WHAT THE EXERCISE ASKS →
Transcribe every entry exactly, leaving out any pictures.

RECORDS TO PROCESS →
BEGIN

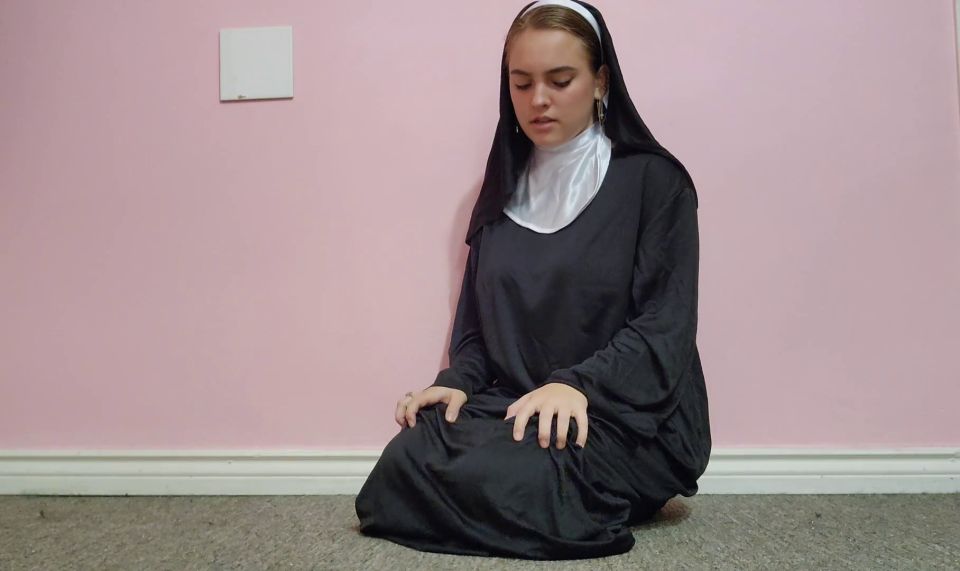 A Nun With A Bad Habit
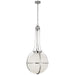 Visual Comfort Signature Canada - LED Pendant - Gracie - Polished Nickel- Union Lighting Luminaires Decor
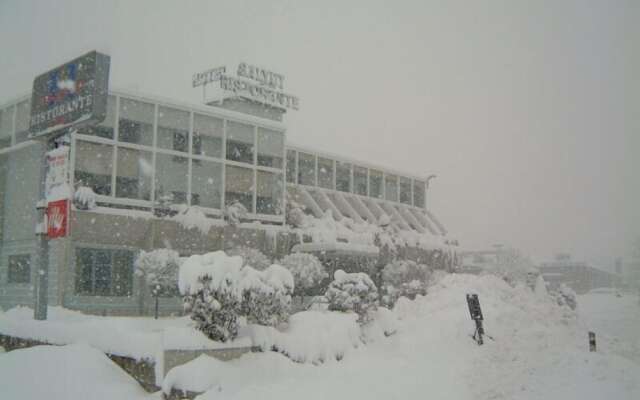 Hotel Ristorante Salyut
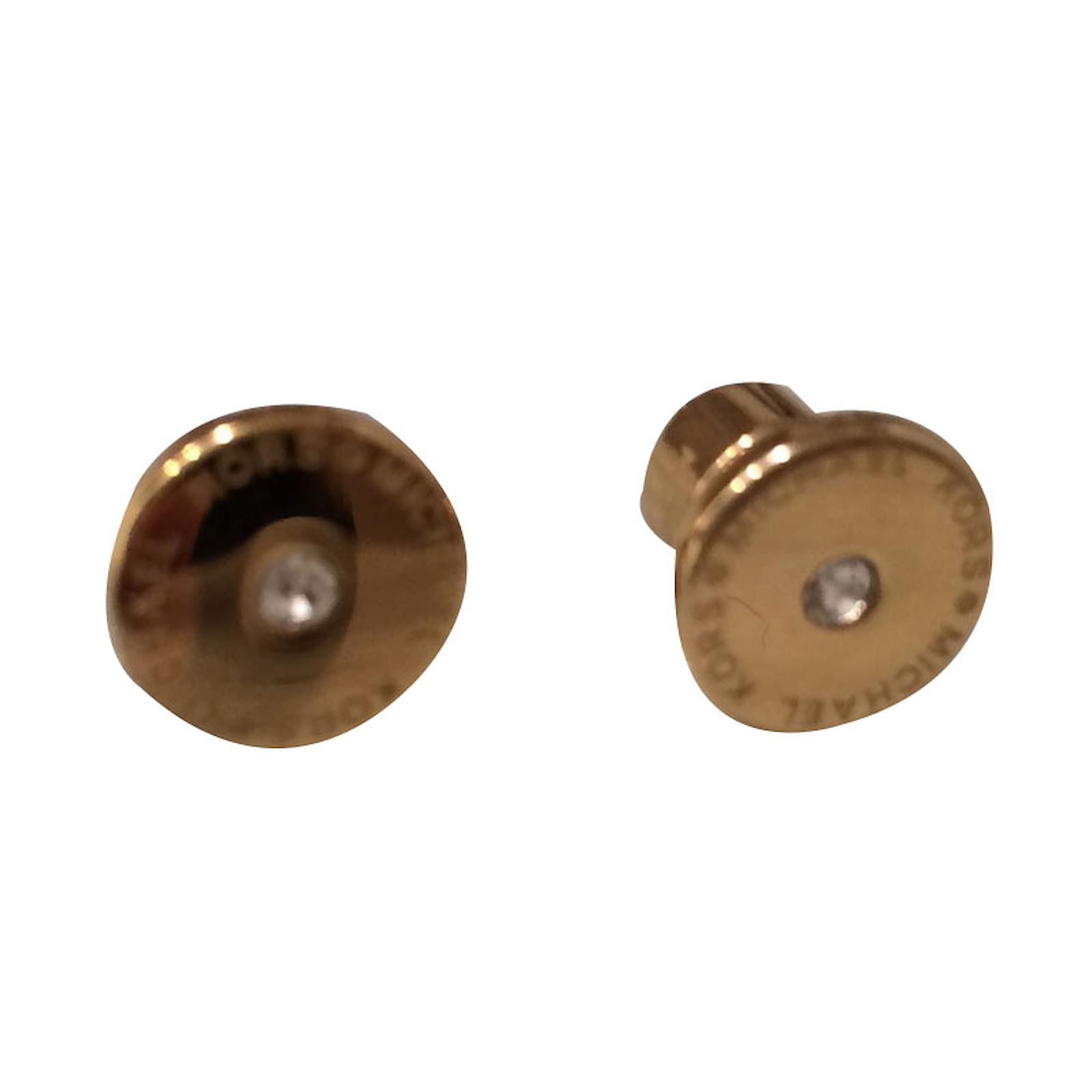 kors earrings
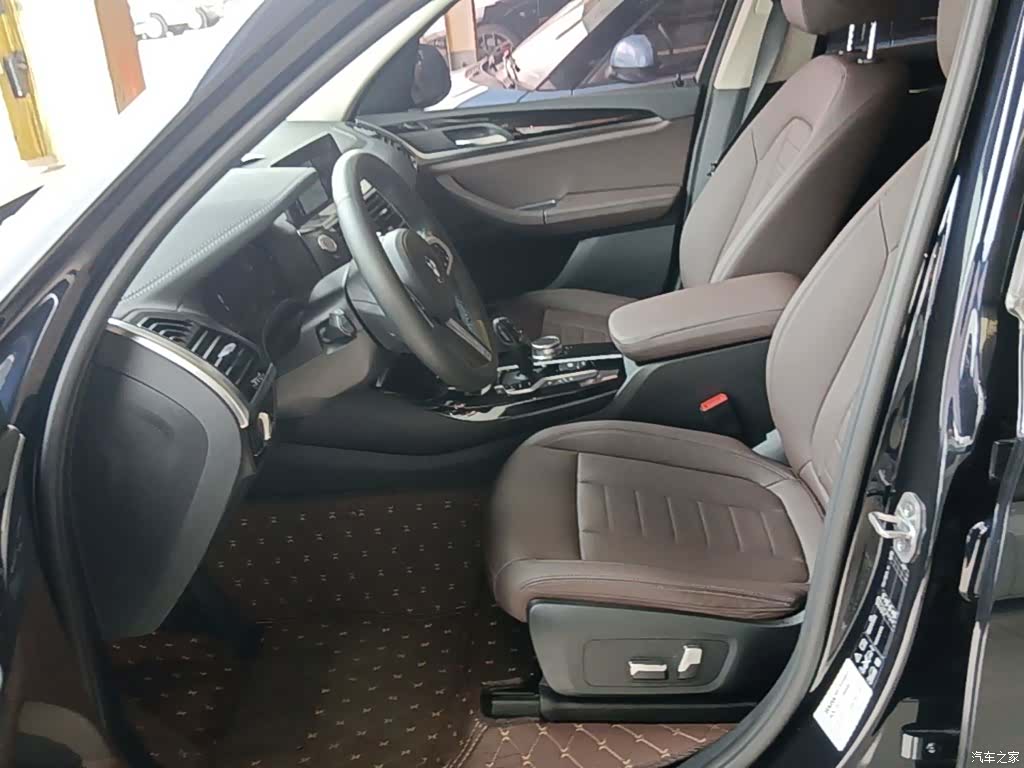 BMW X3, 2020 15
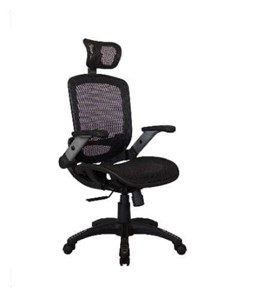 Компьютерное кресло Riva Chair 328, Цвет черный в Кургане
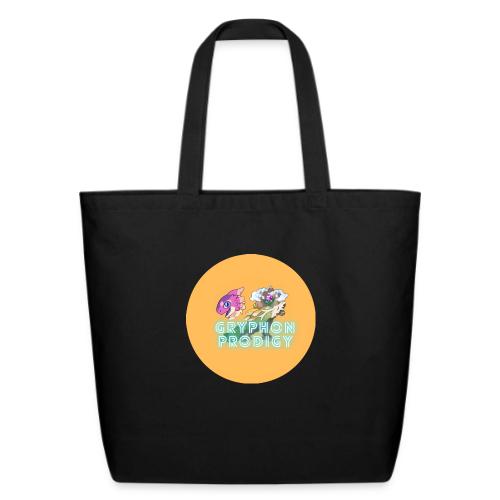 The Real Gryphon MERCH - Eco-Friendly Cotton Tote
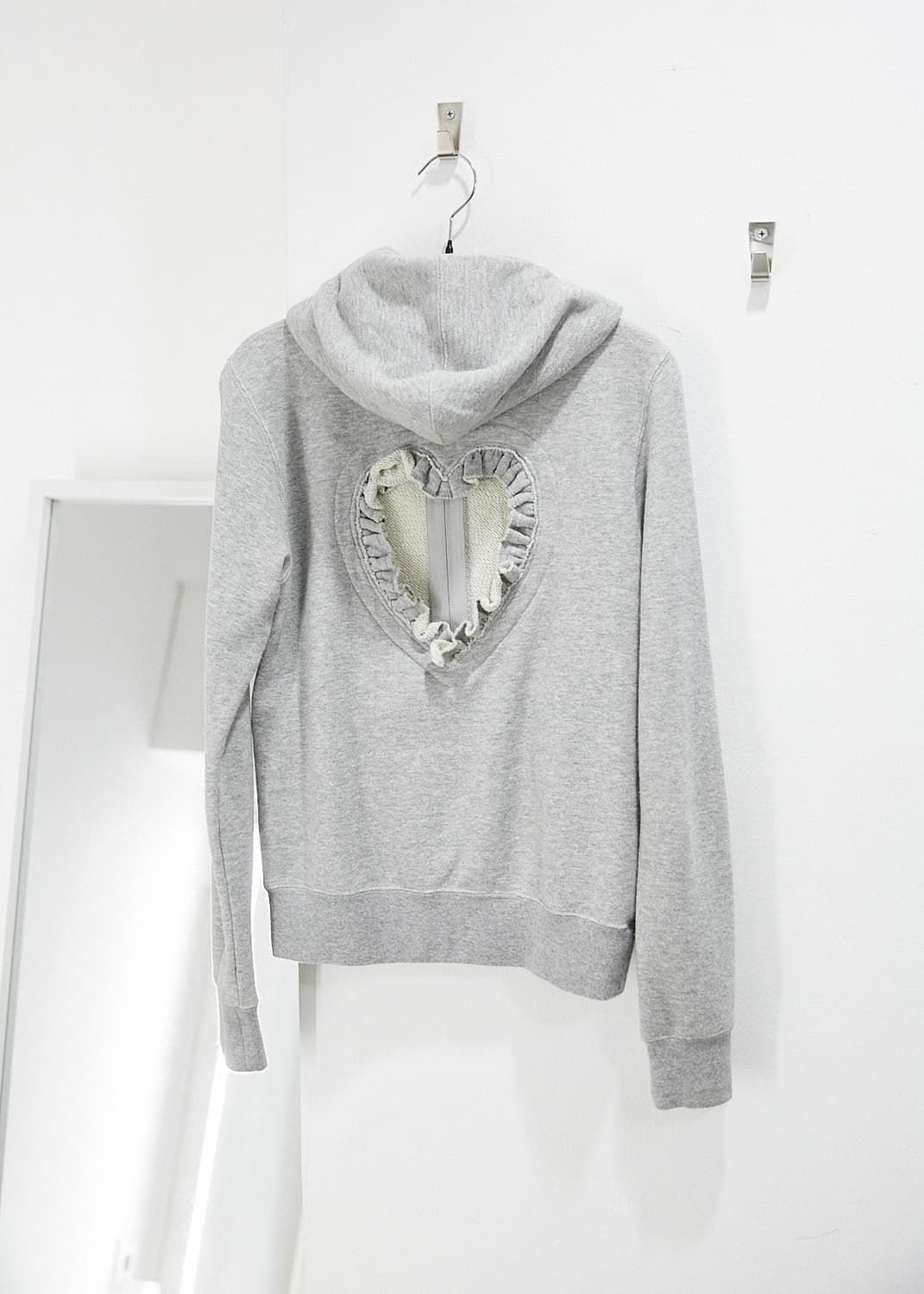 CDG Girl Back Detail Hoodie Jacket 상품이미지1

END

WRITTEN RESPONSE →
 A Nun With A Bad Habit
 Visual Comfort Signature Canada - LED Pendant - Gracie - Polished Nickel- Union Lighting Luminaires Decor
 Hotel Ristorante Salyut
 kors earrings
 BMW X3, 2020 15
 Компьютерное кресло Riva Chair 328, Цвет черный в Кургане
 The Real Gryphon MERCH - Eco-Friendly Cotton Tote
 CDG Girl Back Detail Hoodie Jacket 상품이미지1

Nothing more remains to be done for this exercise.